Man-in-the-middle attacks

• A man-in-the-middle attacker entices computers to log into a computer which is set up as a soft AP (Access Point).
  
• The hacker connects to a real access point through another wireless card offering a steady flow of traffic through the transparent hacking computer to the real network. The hacker can then sniff the traffic.
  
• One type of man-in-the-middle attack relies on security faults in challenge and handshake protocols to execute a “de-authentication attack”. This attack forces AP-connected computers to drop their connections and reconnect with the cracker’s soft AP.
• Man-in-the-middle attacks are enhanced by software such as LANjack and AirJack, which automate multiple steps of the process.

Denial of service

• A Denial-of-Service attack (DoS) occurs when an attacker continually bombards a targeted AP (Access Point) or network with bogus requests, premature successful connection messages, failure messages other commands.
  
• These cause legitimate users to not be able to get on the network and may even cause the network to crash.
  
• These attacks rely on the abuse of protocols such as the Extensible Authentication Protocol (EAP).

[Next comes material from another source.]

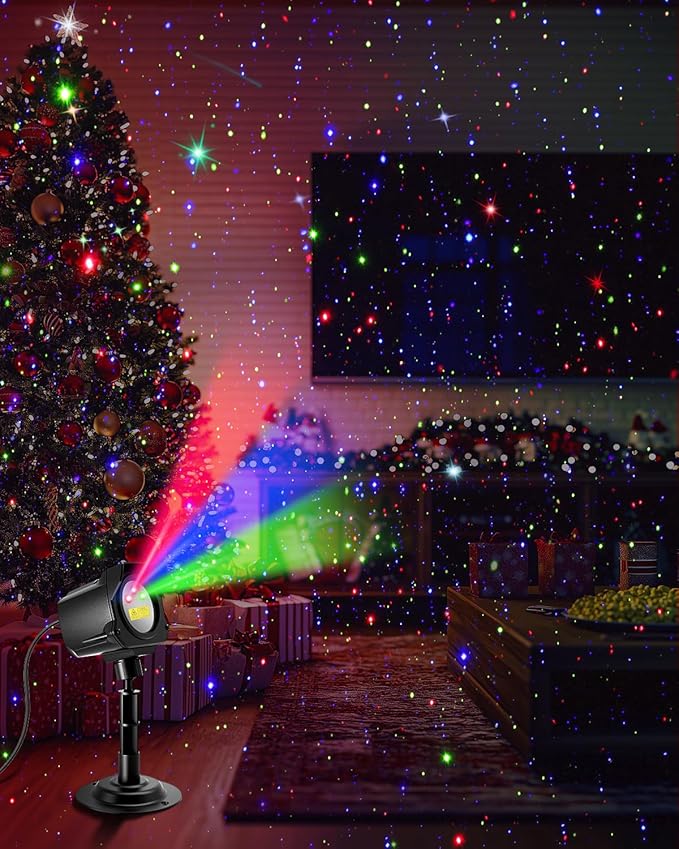 Laser Christmas Projector Lights Outdoor, Christmas Decorations Stars Light Show, Efficient Heat Dissipation, Waterproof, Holiday Projector Decorations for House/Garden/Party/Wedding (Black)
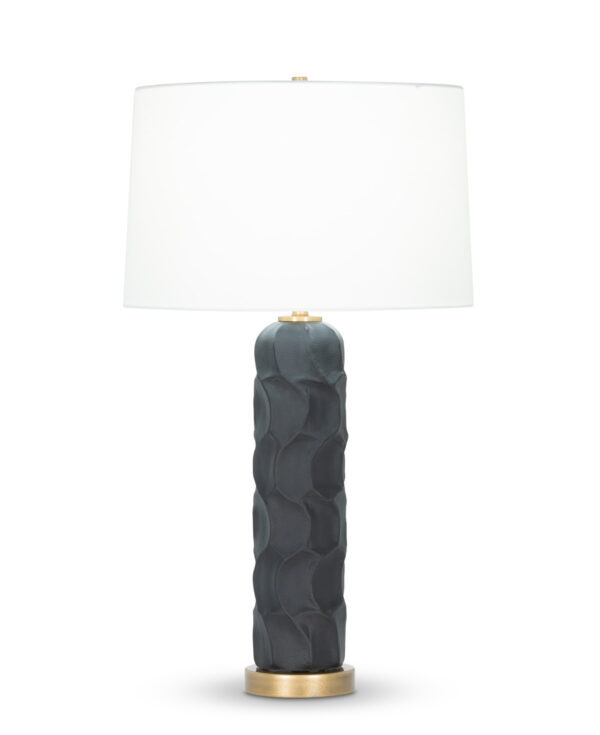 FlowDecor Jessa Table Lamp in mouth-blown glass with black matte finish and metal with antique brass finish and off-white cotton tapered drum shade (# 4433)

• The DoS attack in itself does little to expose organizational data to a malicious attacker, since the interruption of the network prevents the flow of data and actually indirectly protects data by preventing it from being transmitted.
  
• The usual reason for performing a DoS attack is to observe the recovery of the wireless network, during which all of the initial handshake codes are re-transmitted by all devices, providing an opportunity for the malicious attacker to record these codes and use various "cracking" tools to analyze security weaknesses and exploit them to gain unauthorized access to the system.

Network injection

• In a network injection attack, a cracker can make use of access points that are exposed to non-filtered network traffic, specifically broadcasting network traffic.
  
• The cracker injects bogus networking re-configuration commands that affect routers, switches, and intelligent hubs. A whole network can be brought down in this manner and require rebooting or even reprogramming of all intelligent networking devices.